My progress: Suppose we want to divide the given frequency by a factor of 6. Then, I thought that we can achieve our task by connecting the counter circuit and then adding some combinatorial circuit to change the clock only when 3 counts are done. This way whenever 6 counts are completed, one output cycle will complete.(Look at the circuit below):
But how do we do when we want to divide the clock frequency by a factor of 3 or 5 or 9?
There is a wonderful summary of division methods using only JK flipflops without other gates, published in 1968(!) as "Gateless Scalers with J-K Flip-flops" by P. A. Neeteson of Philips Central Application Laboratory, Eindhoven, Netherlands. The article is long out of print, but I obtained a photocopy through the British Library.
Answered by henros on November 17, 2021
Your flip-flop divider is creating a binary counter: the input is the one's place, the first FF gives the next binary digit, etc.
The key is that this type of counter resets automatically, e.g. after 16 cycles using 3 FF's (4 bits). You can also reset the counter earlier to create an arbitrary divider; if you enable a (synchronous) reset when that counter has a value of N-1, the top bit (that changes) will yield a rising edge every N cycles.

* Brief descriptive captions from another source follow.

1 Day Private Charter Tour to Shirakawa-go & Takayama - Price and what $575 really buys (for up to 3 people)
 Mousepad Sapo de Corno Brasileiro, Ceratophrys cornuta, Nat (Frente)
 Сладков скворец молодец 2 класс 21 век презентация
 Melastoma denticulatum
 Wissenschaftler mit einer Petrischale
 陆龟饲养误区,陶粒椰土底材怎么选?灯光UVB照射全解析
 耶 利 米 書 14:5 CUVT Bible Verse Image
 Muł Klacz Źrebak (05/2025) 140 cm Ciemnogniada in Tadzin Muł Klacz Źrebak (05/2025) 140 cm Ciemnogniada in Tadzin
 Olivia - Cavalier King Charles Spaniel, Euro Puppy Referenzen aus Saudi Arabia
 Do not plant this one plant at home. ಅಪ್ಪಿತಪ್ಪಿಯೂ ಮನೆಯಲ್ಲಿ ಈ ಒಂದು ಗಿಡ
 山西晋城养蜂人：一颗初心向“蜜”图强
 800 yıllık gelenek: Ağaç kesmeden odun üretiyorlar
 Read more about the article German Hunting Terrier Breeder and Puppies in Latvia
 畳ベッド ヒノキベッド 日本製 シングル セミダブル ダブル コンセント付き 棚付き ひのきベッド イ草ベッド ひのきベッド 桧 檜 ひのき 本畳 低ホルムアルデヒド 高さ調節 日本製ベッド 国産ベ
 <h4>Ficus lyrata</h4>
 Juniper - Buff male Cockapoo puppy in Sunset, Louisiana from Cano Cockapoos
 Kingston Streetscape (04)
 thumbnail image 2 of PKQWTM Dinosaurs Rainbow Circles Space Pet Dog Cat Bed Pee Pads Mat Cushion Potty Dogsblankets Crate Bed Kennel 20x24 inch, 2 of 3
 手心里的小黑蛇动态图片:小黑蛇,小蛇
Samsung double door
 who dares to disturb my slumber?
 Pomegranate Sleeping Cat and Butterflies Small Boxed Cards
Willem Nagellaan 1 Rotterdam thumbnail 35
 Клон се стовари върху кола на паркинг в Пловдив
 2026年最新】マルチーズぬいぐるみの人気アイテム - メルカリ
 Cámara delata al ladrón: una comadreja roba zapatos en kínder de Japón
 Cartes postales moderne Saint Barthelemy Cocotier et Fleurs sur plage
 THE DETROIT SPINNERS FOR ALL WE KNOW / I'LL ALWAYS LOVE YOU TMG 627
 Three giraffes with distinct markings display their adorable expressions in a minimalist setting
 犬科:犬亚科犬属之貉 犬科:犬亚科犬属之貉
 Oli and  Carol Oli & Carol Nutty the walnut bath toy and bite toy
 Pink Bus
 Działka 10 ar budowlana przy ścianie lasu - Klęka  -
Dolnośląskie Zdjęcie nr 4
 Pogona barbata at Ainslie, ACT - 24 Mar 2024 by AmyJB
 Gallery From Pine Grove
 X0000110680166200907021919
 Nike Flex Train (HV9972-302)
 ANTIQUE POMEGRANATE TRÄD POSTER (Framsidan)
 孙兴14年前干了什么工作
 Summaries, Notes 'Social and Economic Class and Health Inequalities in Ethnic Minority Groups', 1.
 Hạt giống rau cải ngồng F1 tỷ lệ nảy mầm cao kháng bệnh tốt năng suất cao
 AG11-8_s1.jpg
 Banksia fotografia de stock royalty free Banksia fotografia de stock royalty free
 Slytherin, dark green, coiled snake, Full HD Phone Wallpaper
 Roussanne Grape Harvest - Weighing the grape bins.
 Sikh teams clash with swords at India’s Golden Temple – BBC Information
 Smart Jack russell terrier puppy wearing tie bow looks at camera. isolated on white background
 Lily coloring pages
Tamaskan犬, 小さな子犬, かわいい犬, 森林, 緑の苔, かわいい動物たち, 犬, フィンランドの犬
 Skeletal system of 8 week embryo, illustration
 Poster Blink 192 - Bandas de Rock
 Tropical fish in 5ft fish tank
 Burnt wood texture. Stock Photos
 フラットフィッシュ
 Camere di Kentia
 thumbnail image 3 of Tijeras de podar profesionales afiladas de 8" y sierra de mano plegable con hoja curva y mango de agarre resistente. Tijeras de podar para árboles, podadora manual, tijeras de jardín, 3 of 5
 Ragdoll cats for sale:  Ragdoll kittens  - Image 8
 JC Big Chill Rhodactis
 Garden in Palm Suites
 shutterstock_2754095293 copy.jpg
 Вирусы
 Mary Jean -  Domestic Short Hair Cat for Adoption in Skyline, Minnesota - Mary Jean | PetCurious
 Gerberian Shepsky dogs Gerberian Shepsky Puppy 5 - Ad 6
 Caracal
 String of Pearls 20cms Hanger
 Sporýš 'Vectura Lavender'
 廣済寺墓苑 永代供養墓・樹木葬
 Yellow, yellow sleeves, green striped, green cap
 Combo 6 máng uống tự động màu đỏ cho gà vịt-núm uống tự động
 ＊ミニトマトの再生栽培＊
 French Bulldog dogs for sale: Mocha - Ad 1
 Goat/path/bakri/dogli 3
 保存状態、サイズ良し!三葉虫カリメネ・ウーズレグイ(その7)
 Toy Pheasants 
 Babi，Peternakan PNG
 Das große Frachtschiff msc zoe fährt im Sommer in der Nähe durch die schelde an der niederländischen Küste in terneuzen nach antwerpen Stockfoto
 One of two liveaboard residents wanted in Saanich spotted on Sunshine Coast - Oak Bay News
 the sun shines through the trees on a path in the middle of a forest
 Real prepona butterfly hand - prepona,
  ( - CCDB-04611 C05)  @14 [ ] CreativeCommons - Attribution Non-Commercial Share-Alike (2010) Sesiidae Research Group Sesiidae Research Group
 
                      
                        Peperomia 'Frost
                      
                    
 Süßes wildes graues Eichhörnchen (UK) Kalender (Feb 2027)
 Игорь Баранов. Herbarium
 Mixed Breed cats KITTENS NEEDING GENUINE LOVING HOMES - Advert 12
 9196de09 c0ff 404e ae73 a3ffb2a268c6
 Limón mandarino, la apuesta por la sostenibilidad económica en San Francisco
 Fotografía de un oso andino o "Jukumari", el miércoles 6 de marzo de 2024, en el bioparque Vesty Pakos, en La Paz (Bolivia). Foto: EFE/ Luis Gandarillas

Note that this output will not have a 50% duty cycle, unless N is a power of 2. You can improve this with some additional decoding, outputting a 1 (only) when the counter is N/2 or greater. If N is odd, you will need something like a PLL to achieve 50%.
Answered by mbedded on November 17, 2021
Question
How to divide frequency by an arbitrary number?
Answer
By a octal or decade counter.
References
(1) CD 4017 CD4022 CMOS Frequency Counter Dividers - TI
(2) Digital Counters - Wikipedia
(3) Ring Counter (Including Johnson Counter) - Wikipedia
(4) Johnson Counter - Electronics Course
(5) Robert Royce Johnson (Johnson Counter) - Wikipedia
(6) Robert Royce (Bob) Johnson - The Salt Lake Tribune
Answered by tlfong01 on November 17, 2021
Use added logic to capture counts as they appear at the binary counters outputs. The LSB is 1 if high. The weight of the bits is 1, 2, 4, 8 for a 4 bit counter. A count of 9 means 1 and 8 are high, 2 and 4 are low. Use and or nand gates on these pins to reset the counter each time it has a count of 9, or a count of 8 if asynchronous reset, as 0 is part of the count.
As long as the clock pulse is running it will repeat the same count endlessly.
Because 0 is part of the count, the counter will have one more state then the counters value.